What the task asks: Every line from the one bearing "O vergiye büyük" through the last line of the records below is to be output exactly, and no other line; leave out the pictures.

(Beginning of Information)

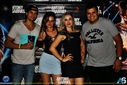 Filename=182.jpg
Filesize=168KiB
Dimensions=790x527
Date added=Mar 16, 2017 182.jpg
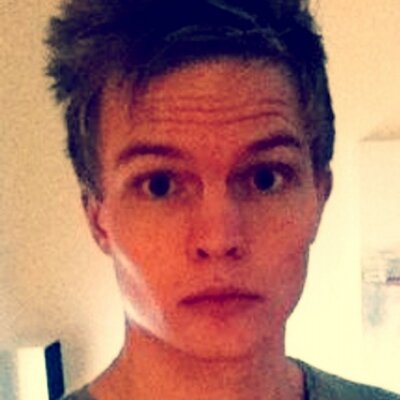 Profile Picture of Adam Lundgren (@Lundgren_Adam) on Twitter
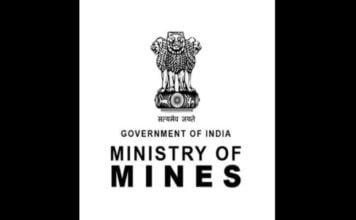 Mustaq Ahmad gets extension as Director in Ministry of Mines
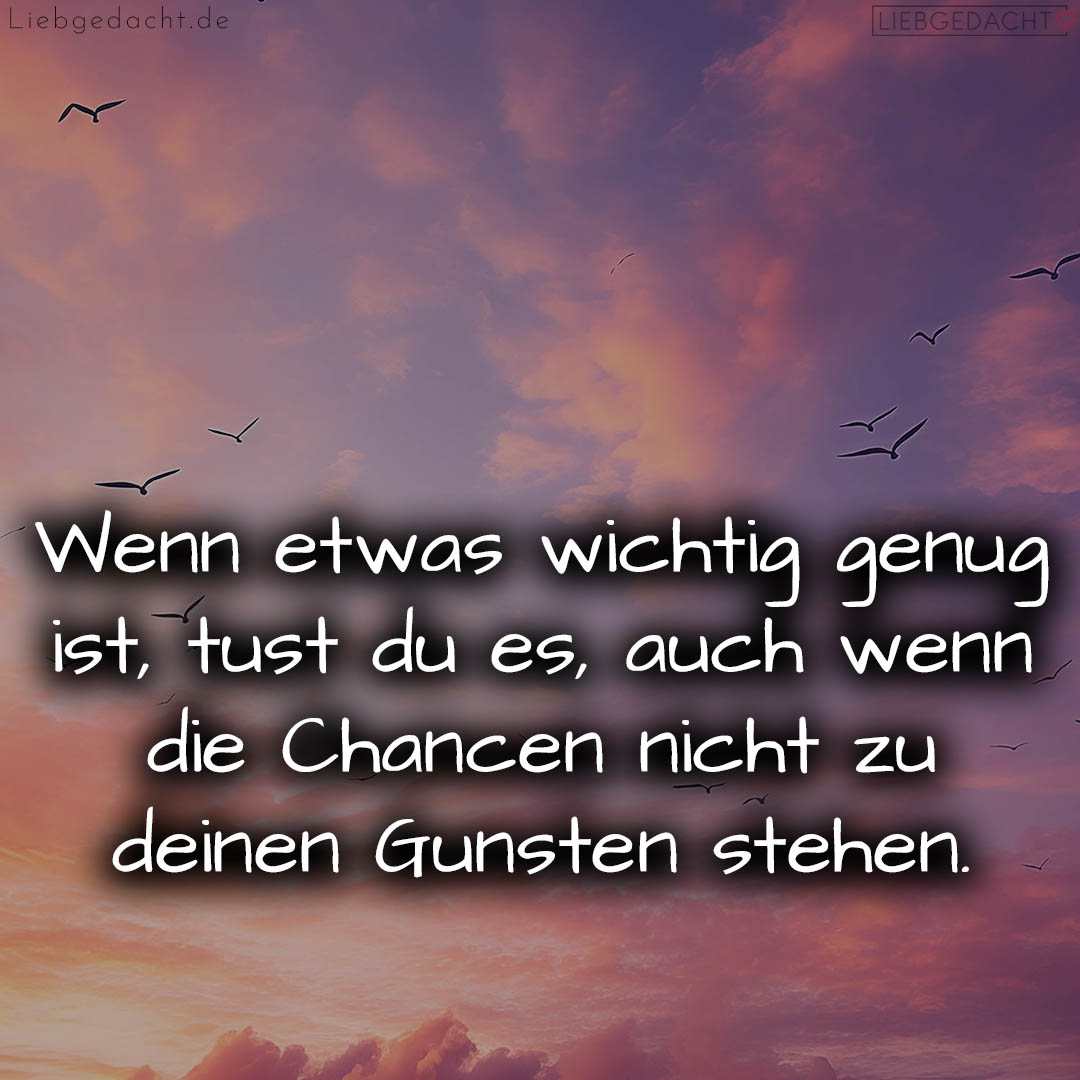 1716373933664dc9ad7bf89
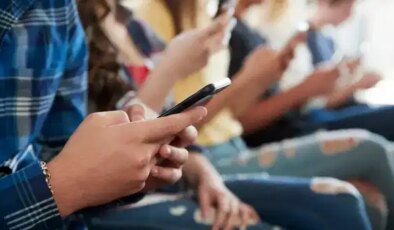 O vergiye büyük zam geliyor: Telefon sahiplerinden yeni kesinti yapılacak!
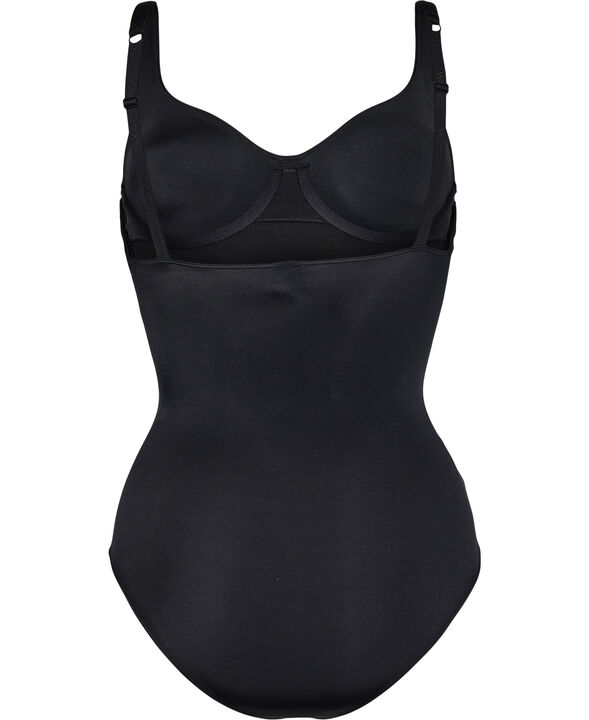 Mat de Luxe Forming Body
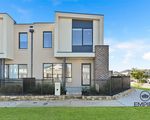 21 Portobello Boulevard, Clyde North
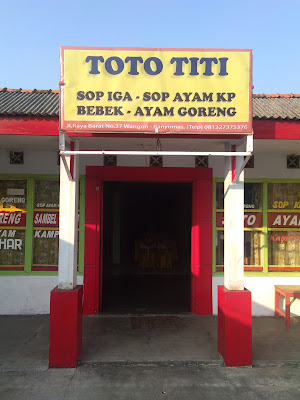 RM Tototiti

(End of Information)

Final answer:
 O vergiye büyük zam geliyor: Telefon sahiplerinden yeni kesinti yapılacak!
 Mat de Luxe Forming Body
 21 Portobello Boulevard, Clyde North
 RM Tototiti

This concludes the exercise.